Node* deleteAtTail(Node* head) {
    if (head == NULL) {
        return NULL;
    }
    
    if (head->next == NULL) {
        free(head);
        return NULL;
    }

    Node* currentNode = head; 
    Node* previousNode = NULL;    

    while (currentNode->next != NULL) {
        previousNode = currentNode;  
        currentNode = currentNode->next; 
    }

    previousNode->next = NULL;
    free(currentNode); 

    return head;
}

Further, we can identify the second to last node with just one pointer if we stop currentNode at the next to last node. We can also realize that NULL is false, and use that to streamline our conditions.

Node* deleteAtTail(Node* head) {
    if (!head) {
        return NULL;
    }
    
    if (!head->next) {
        free(head);
        return NULL;
    }

    Node* currentNode = head;   

    while (currentNode->next && currentNode->next->next) {
        currentNode = currentNode->next; 
    }

    free(currentNode->next); 
    currentNode->next = NULL;

    return head;
}

Upvotes: 2

BMAGS
BMAGS

Reputation: 29

I figured it out myself.

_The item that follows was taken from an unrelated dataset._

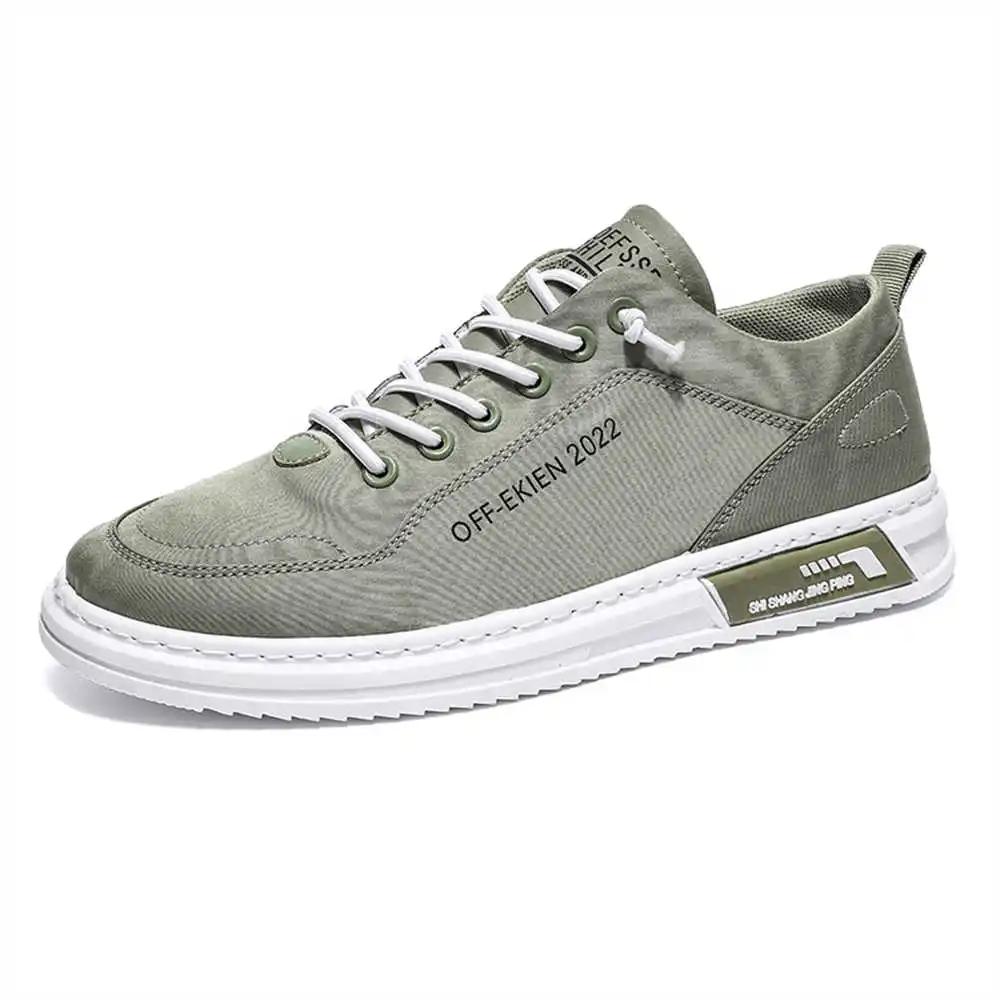 FashionWithout Heels Lace Up Grey Sneakers Men Running White Sneakers Shoes For Men Sport Shooes Special Use Exerciser Gym Teniis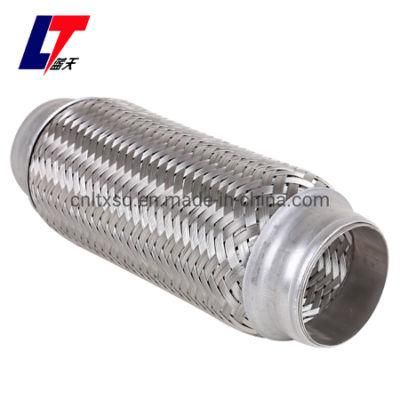 Automobile Car Corrugated Exhaust Pipe Flexible Tube Connector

I was thinking in terms of values with currentNode and previousNode, and not recognizing that they are the literal memory addresses. I was thinking that currentNode is just a variable that copied the value of head, and not that it literally is head. I hope I explained that clearly and correctly. Just a silly CS student mistake...

Upvotes: -1

Barmar
Barmar

Reputation: 781878

  • The last node in a linked list is the one whose next pointer contains NULL.
  • In order to remove the last node in a list, you need to make the 2nd-to-last name the last node.
  • Ergo, you must set the next pointer of the 2nd-to-last node to NULL.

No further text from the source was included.